Originally Published in Corporate Counsel Connect | September 2, 2014 | Karen Deuschle
What does the modern general counsel worry about? Modern problems, of course, like data security and the impact of social media. According to theConsero 2014 General Counsel Data Survey, nearly half of all general counsel feel that their company is not ready for a cyber security breach, while other legal departments are wrestling with writing a social media policy that adequately mitigates legal risk. While technology issues topped the list of general counsel’s concerns in 2014, budgetary issues, other strapped resources, and complex regulatory changes also weigh heavy on the GC’s mind. Corporate Counsel Connect spoke with Paul Mandell, CEO of Consero, on some of the findings of their survey.
Obviously the large and extremely public data breaches of the past year have left most senior executives feeling vulnerable. According to the survey, 49% of GCs felt that their company is not adequately prepared to defend against a data breach – up from 2013 when just 23% of GCs held that sentiment. “Today’s general counsel are more attuned to cyber risk than ever before,” states Paul. Consero Group hosts roundtables and other networking events focused on senior executives, which gives the company unique insights into concerns of multiple top organizational leaders. In the surveys from other senior executives, Paul discovered consistent findings of a lack of confidence in data security infrastructure. “Given the impact of a potential breach, this seems to be an area that requires more attention from today’s large companies,” shares Paul.
Given a unique perspective of seeing multiple top executives and how they could work together, Paul offers some advice for organizations with regards to data security. “The most common first step in tackling cyber risk is to identify and leverage partners who can offer the substance expertise to provide IT and security assistance, including both internal and external colleagues. With the right team, GCs can perform a liability audit to identify potential risks of different varieties and levels of severity. And following that exercise, GCs can collaborate with IT to develop, execute, and test a new security plan designed to keep cyber threats at bay,” advises Paul.
“I was most surprised by the fact that a significant percentage of the respondents do not have a social media policy,” shares Paul. Twenty percent of GCs felt their social media policy would not effectively mitigate legal risks, and a full 16% did not have a policy.
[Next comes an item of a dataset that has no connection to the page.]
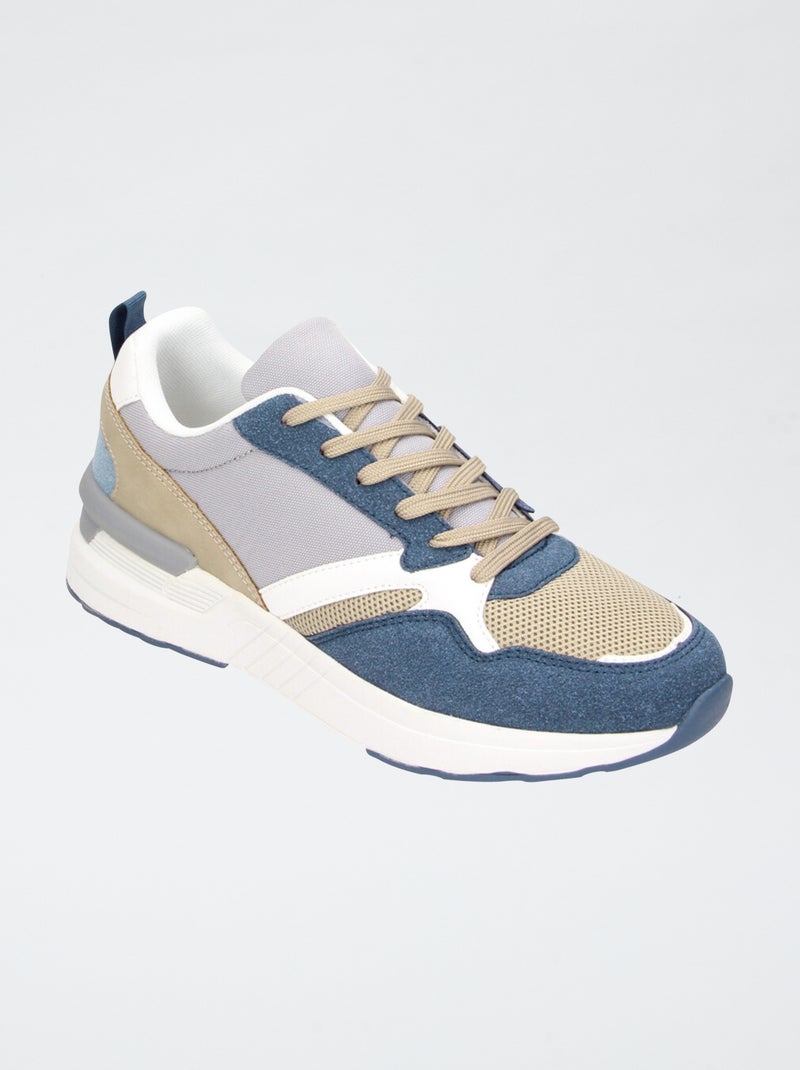 Baskets basses tricolore Bleu - Kiabi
These numbers are increasingly surprising given that 81% of the 2013 respondents were satisfied with their company’s social media policy.
As in past years, legal departments continue to wrestle with doing more with less. Half of respondents report having the same or a smaller budget, and 56% state that their staff size has stayed the same or decreased over the past year. Only 54% of GCs surveyed felt they had sufficient access to resources to manage their department, a fairly grim number. “We also see similar struggles among other senior executives to do more work with less resources,” states Paul. “However, the workload for today’s GC seems to be increasing at a faster pace than that of their peers in other functions, making the struggle for resources particularly urgent.”
GCs are working to manage the shortage of resources particularly in respect to outside counsel. Just 60% of GCs feel that they are receiving sufficient value relative to their outside counsel spend, and the majority (84%) have opted not to assign more legal work to outside counsel over the past year. More than half of GCs’ organizations are using alternative-fee arrangements, generally for routine legal work, such as contract management of standardized IP work. Comments Paul, “The good news for outside counsel is that the interest in and quantity of AFA use seems to be more a function of the being resource-strapped rather than a result of dissatisfaction with their law firms.”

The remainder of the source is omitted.